Boekrecensie

Titel: Orgelluiken. Traditie en iconografie
Auteur: Mieke M. van Zanten

Uitgeverij: Walburg Pers
Zutphen, 1999
ISBN 90 5730 025
Pagina's: 253
Prijs: ƒ 79,50

Recensie door Herman A. van Duinen - 8 maart 2000

Orgelluiken met bijbels verhaal

Vorig jaar promoveerde Mieke M. van Zanten op een studie naar schilderingen op Nederlandse orgelluiken uit de periode 1526-1720. Aan deze monumentale schilderingen uit de rijke Hollandse schilderstraditie van de Gouden Eeuw was voordien weinig aandacht besteed. Goed dus dat Walburg Pers met de Rijksdienst voor de Monumentenzorg het proefschrift ”Orgelluiken. Traditie en iconografie” in druk uitgeeft.

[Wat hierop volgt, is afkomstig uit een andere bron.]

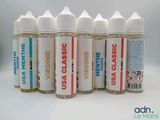 six flacons d'e-liquides aux saveurs variées alignés sur une surface blanche
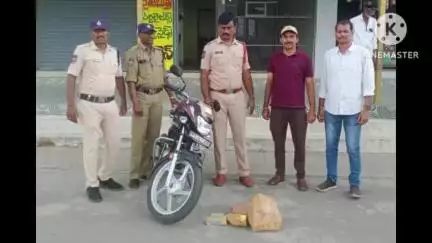 కూసుమంచి: కొక్కిరేణి స్టేజీ వద్ద అక్రమంగా తరలిస్తున్న గంజాయి పట్టుకున్న పోలీసులు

In 1511 waarschuwde de Heidelberger organist Arnolt Schlick voor ongedierte dat het orgel kon bevuilen, ontstemmen en zelfs vernielen. Tegen ongenode gasten beval hij orgelluiken –”Flügeln”– aan. De luiken zorgden ervoor dat vleermuizen en vogels zich niet gingen nestelen in en tussen het pijpwerk en het mechaniek in de orgelkas.

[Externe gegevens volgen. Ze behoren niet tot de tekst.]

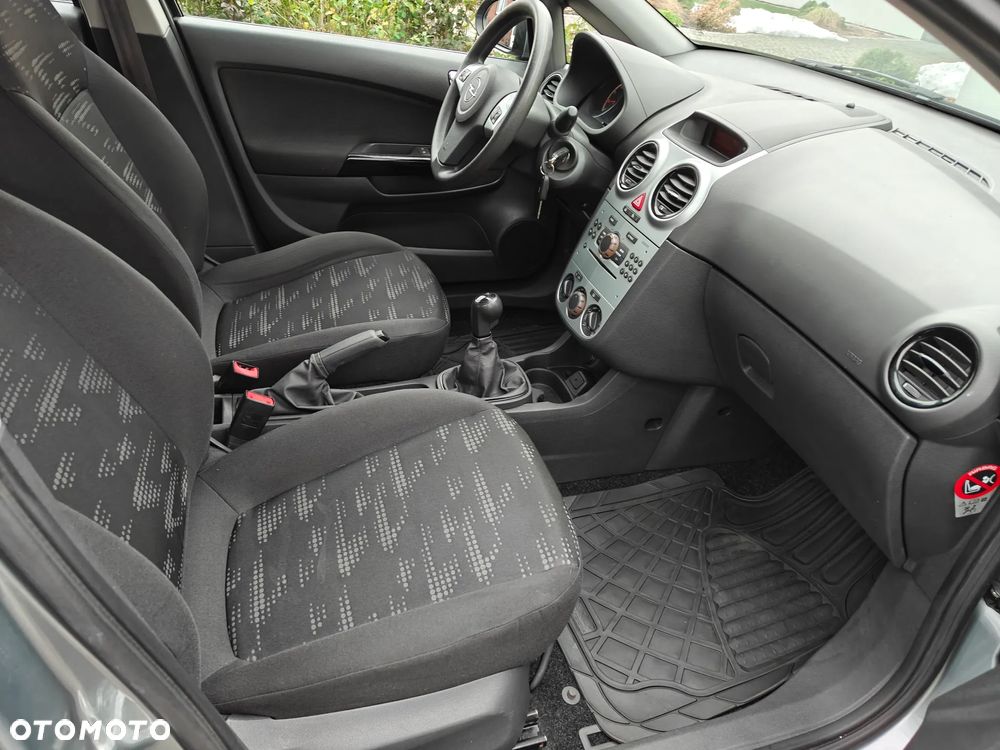 Opel Corsa 1.2 16V Edition / Active - 10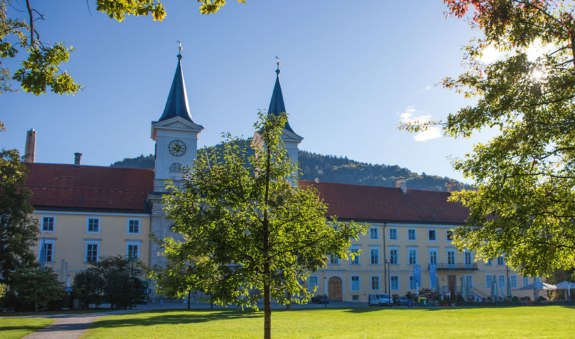Stadt Tegernsee - ehemaliger Klosterbezirk, &copy; Christoph Schempershofe_TTT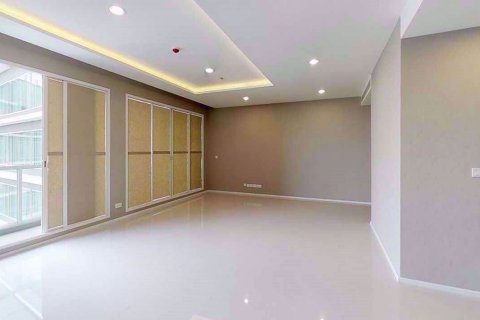 Condominio de 3 dormitorios en Bang Kho Laem, Bangkok, Tailandia № 76685 - foto 2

Mieke van Zanten gaat uitgebreid in op het ontstaan, de ontwikkeling, de functie en de vorm van de orgelluiken. Ze plaatst ze allereerst in Europees perspectief. Zowel aan de binnen- als aan de buitenzijde werden de luiken, een raamwerk van hout en bespannen met linnen, beschilderd. Veelvoorkomende thema's uit de beginperiode waren patroonheiligen, de annunciatie, Christus' geboorte en de aanbidding van de herders en de drie wijzen. Deze laatste thema's zijn te zien op de in 1526 geschilderde luiken van het laatgotische orgel uit Scheemda, nu in het Rijksmuseum te Amsterdam.

David
Rond 1500 valt een verschuiving in de beeldtraditie waar te nemen. Op alle door Van Zanten bestudeerde luiken uit de zestiende en de zeventiende eeuw komt nu de persoon van David voor. Daaraan ten grondslag lagen de bijbelboeken met het levensverhaal van de eenvoudige, door God uitverkoren herdersjongen die de grootste van Israëls koningen werd en gold als auteur van het boek der Psalmen.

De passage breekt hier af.